Many pleasure horse activities operate in the middle ground, where the horse is not given a free choice in the matter, but will receive training to motivate them to choose the activities that we would like them to do. Even liberty work will often involve pressure, bribery, or some kind of influence over the horse to act in a particular way that the human wants.
Motivating a horse to choose from limited options is founded specifically on one premise – disrupting the horse and then allowing the horse to seek comfort. In this context we cannot systematically judge a positive reward as kinder than a pressure based motivator. Once conditioned to a positive reward system, the horse knows that they cannot get the food (the source of their comfort) until they have pleased you. Therefore, their normal patterns of accessing food when they choose have been disrupted and the horse will have some level of anxiety until rewarded. This is why nibbling, impatience, and nickering often come into play during positive reward sessions. Those behaviours can also be managed, but as soon as we shut-down a behaviour, we are not empowering the horse in interacting with us which is something to keep in the back of ones mind.
Not everyone aspires to a pure partnership. Humans are invariably, a controlling species. However, we can add doses of empowered interaction into our typical “dictated” or “controlled choice” partnership.
For ideas, Elsa Sinclair is the guru in this area. Here are some of my tips for creating interactions where the horse can feel empowered:

Greet your horse in the paddock with no human agenda, carefully observing their body language as you move in closer, allowing them to accept you (or reject you) within their personal space. When you are close, hold out an outstretched hand, allowing them to sniff you as long as needed.

Allow your horse to be curious. If you are in the middle of something, give them a bit of time to check out something, sniff some poop, or look at something far away.
Let them decompress now and again. Recognise that whatever you are asking of them, no matter how low pressure or positively reinforced, produces anxiety as they are not fully empowered to do as they please.
A waiting break (count out 20 to 60 seconds), gives the horse a chance to let out some tension. Don’t interrupt their calming signals – give them a chance to process things on their own time.

Encourage them to roll, find some relaxing pressure points on their body, or just stand beside them taking deep breaths and listening to the sounds of wherever you may be.

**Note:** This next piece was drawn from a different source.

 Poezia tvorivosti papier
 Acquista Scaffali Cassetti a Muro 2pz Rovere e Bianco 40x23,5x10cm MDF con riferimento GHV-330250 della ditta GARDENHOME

Once you have established a bond of mutuality, your horse might be willing to initiate play with you. A game that I have played with my horse is to move in reaction to their movement. It could be in sync or opposite, away or toward, lift an arm, or any type of non-threatening action. When the horse does the same action, repeat the same reaction (this can be a time consuming activity!). When the horse realises that they are controlling your actions, they are often quite relieved and show a release of tension.
Building these little empowering interactions into your sessions with your horse will make you more pleasant as someone to hang out with and you may start to find more free choice and playful coordination appearing in your encounters.